Exercise material →
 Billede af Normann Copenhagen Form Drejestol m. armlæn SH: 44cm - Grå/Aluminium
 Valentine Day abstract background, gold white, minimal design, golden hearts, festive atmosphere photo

---

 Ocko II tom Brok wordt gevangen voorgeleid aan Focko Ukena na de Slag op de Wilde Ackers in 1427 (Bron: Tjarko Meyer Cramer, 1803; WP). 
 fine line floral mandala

Try it →
Would you please repeat exactly the lines above, starting at the line with "Billede af Normann" and stopping at the line with "Valentine Day abstract", both included?

Exercise answer →
 Billede af Normann Copenhagen Form Drejestol m. armlæn SH: 44cm - Grå/Aluminium
 Valentine Day abstract background, gold white, minimal design, golden hearts, festive atmosphere photo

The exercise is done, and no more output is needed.